■ DESCRIPTION OF THE TASK: Retype all of the listing exactly, passing over any picture you find.

■ DATASET EXCERPT:

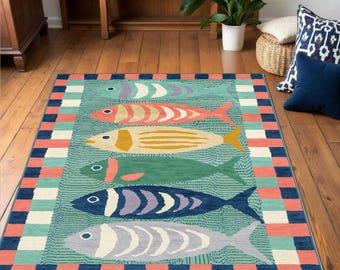 Puede incluir: Una alfombra colorida con un borde azul, verde y naranja. La alfombra presenta cinco peces estilizados en tonos de azul, verde, naranja y amarillo sobre un fondo turquesa.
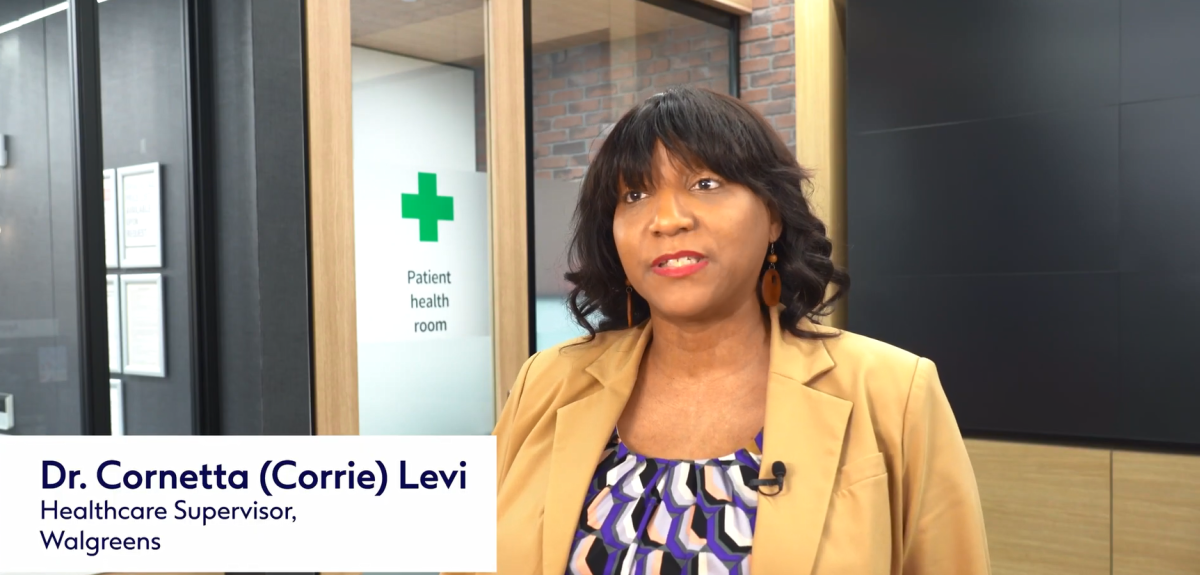 Dr. Cornetta in front of a door marked "Patient Health Room".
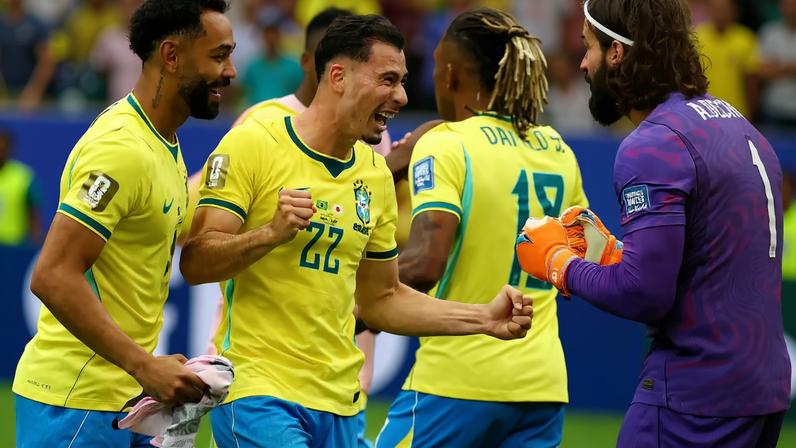 Brazil's Matheus Cunha, Gabriel Martinelli and Alisson Becker celebrate after the match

■ ANSWER TO THE PROBLEM:
 Puede incluir: Una alfombra colorida con un borde azul, verde y naranja. La alfombra presenta cinco peces estilizados en tonos de azul, verde, naranja y amarillo sobre un fondo turquesa.
 Dr. Cornetta in front of a door marked "Patient Health Room".
 Brazil's Matheus Cunha, Gabriel Martinelli and Alisson Becker celebrate after the match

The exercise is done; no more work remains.